• _Instructions for the task_: Under this line are the records; repeat exactly the lines starting at the one containing "Summer Beach Maxi Dress Women Floral Print" and ending at the one containing "Slate Garden serene", omitting pictures.

[Dataset excerpts]
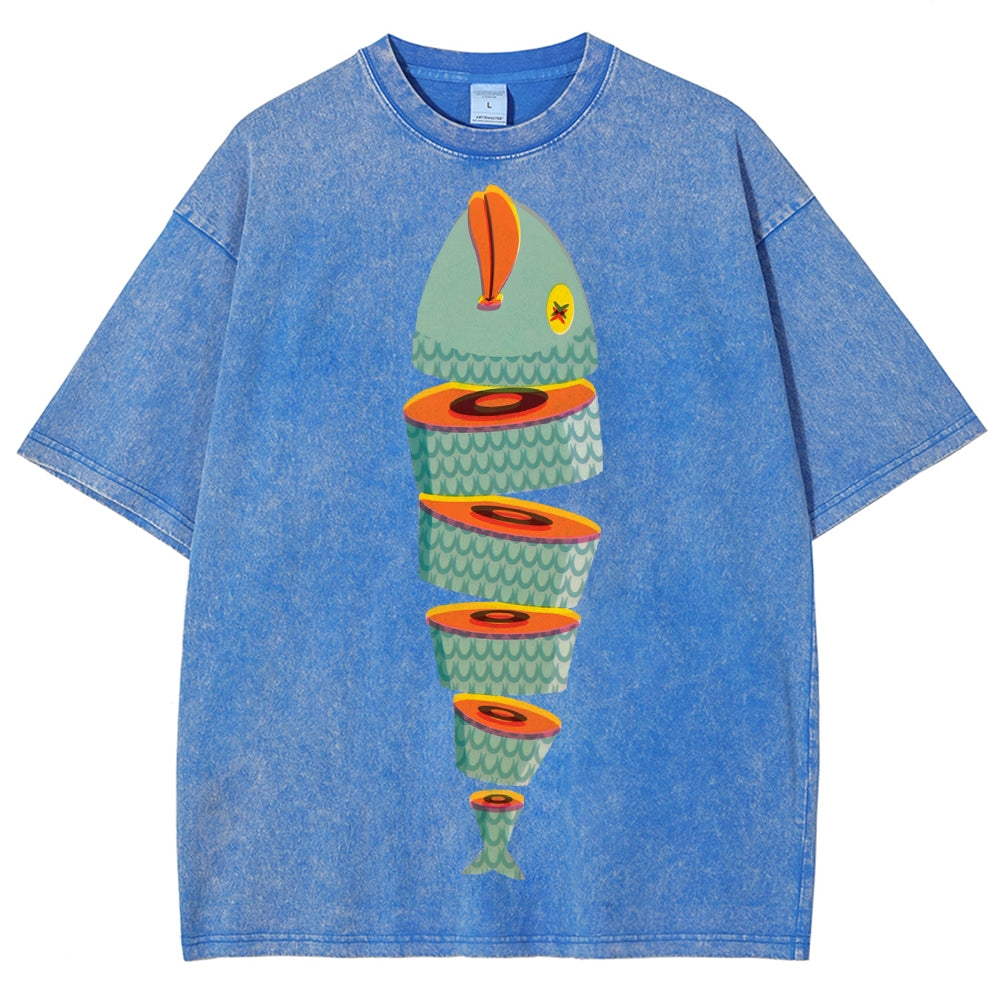 Unisex Fish Printed Washed Tee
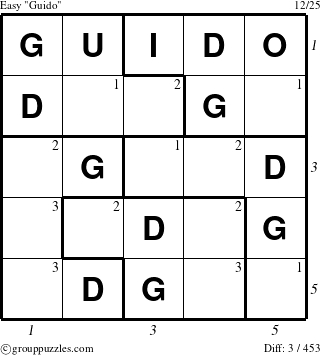 The grouppuzzles.com Easy Guido puzzle for , suitable for printing, with all 3 steps marked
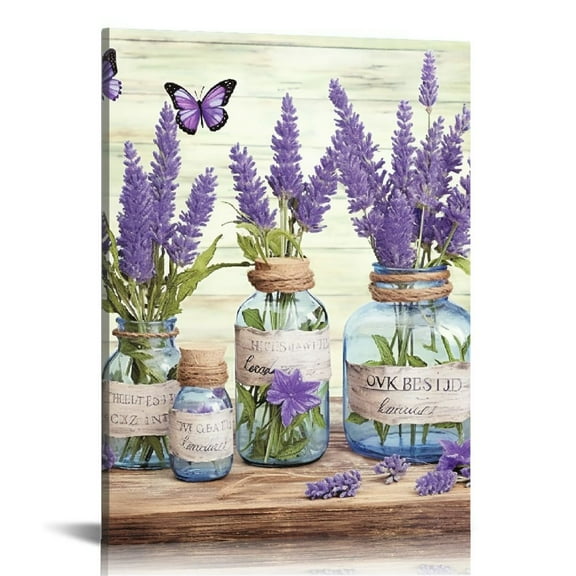 EastSmooth Farmhouse Bathroom Decor Wall Art Purple Lavender Bathroom Pictures for Wall Rustic Country Bathroom Canvas Prints Bathroom Sign Painting Framed Artwork Decor for Bathroom Bedroom
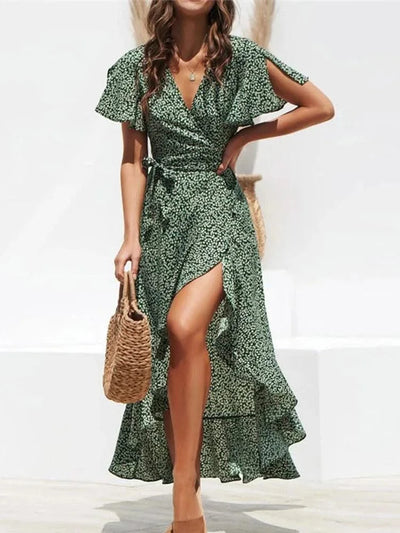 Summer Beach Maxi Dress Women Floral Print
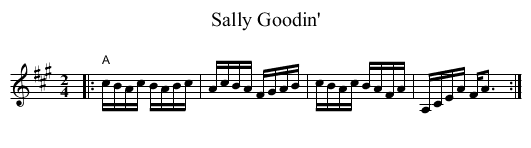 Sally Goodin' - staff notation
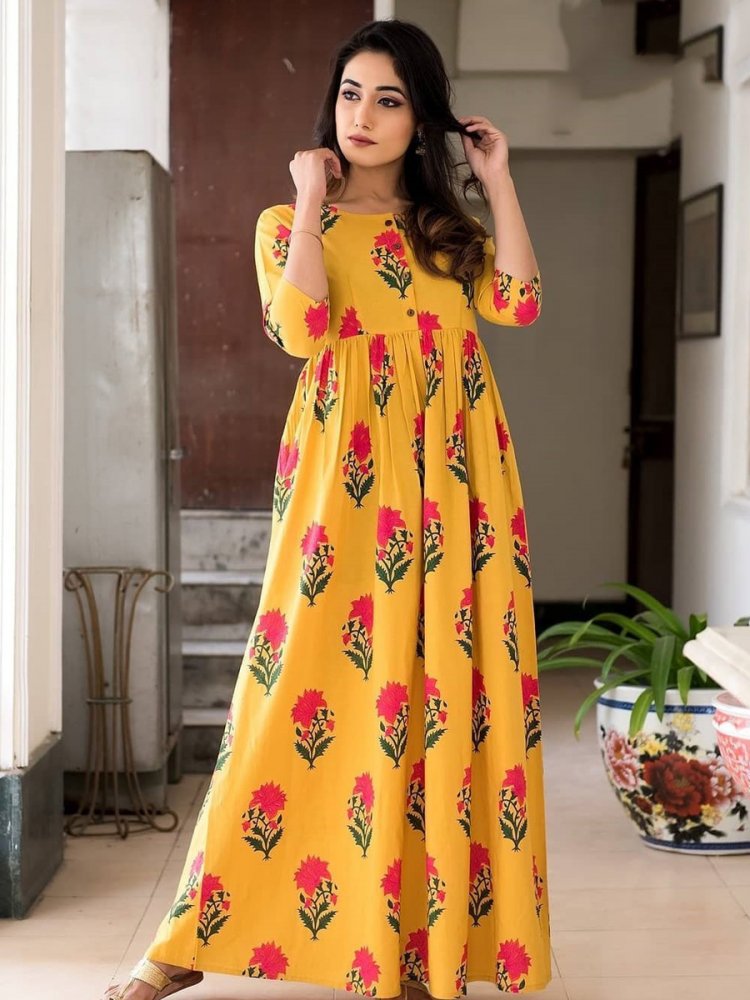 Amber Yellow Maslin Silk Casual Printed Gown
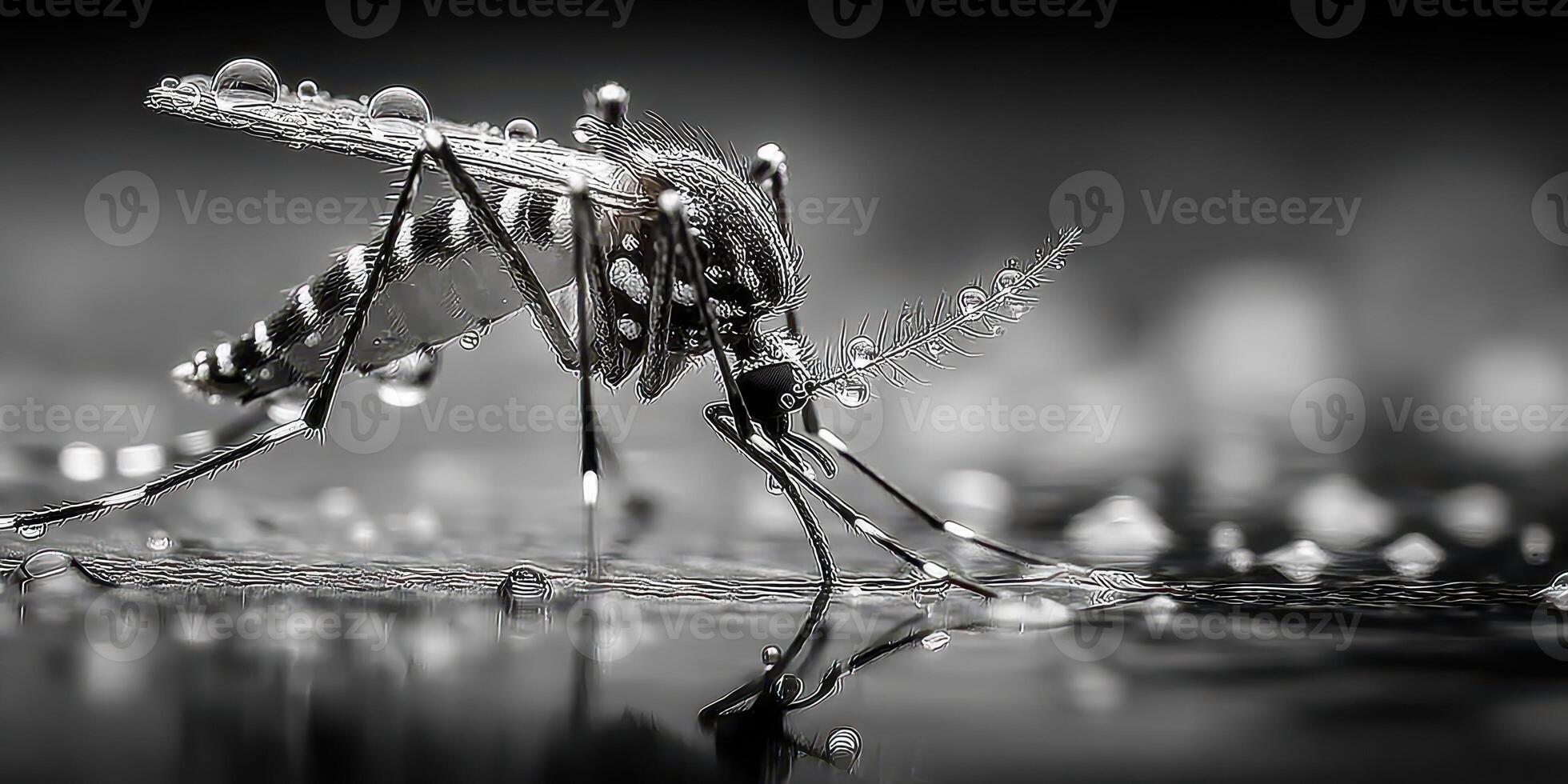 Close-up of a mosquito perched on a wet surface with water droplets in a black and white setting highlighting intricate details photo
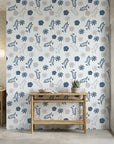 Slate Garden serene blue grey floral wallpaper creating ambiance in a serene bathroom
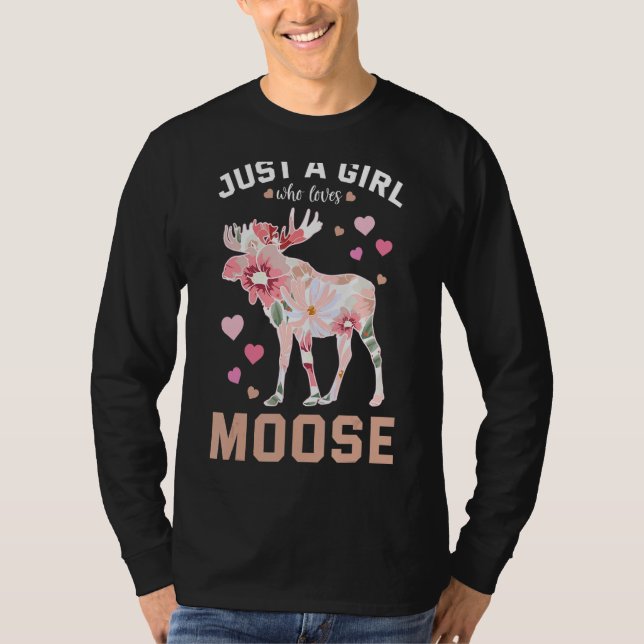 Camiseta Moose Elk Deer Flower Floral (Frente)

• _Response to this task_:
 Summer Beach Maxi Dress Women Floral Print
 Sally Goodin' - staff notation
 Amber Yellow Maslin Silk Casual Printed Gown
 Close-up of a mosquito perched on a wet surface with water droplets in a black and white setting highlighting intricate details photo
 Slate Garden serene blue grey floral wallpaper creating ambiance in a serene bathroom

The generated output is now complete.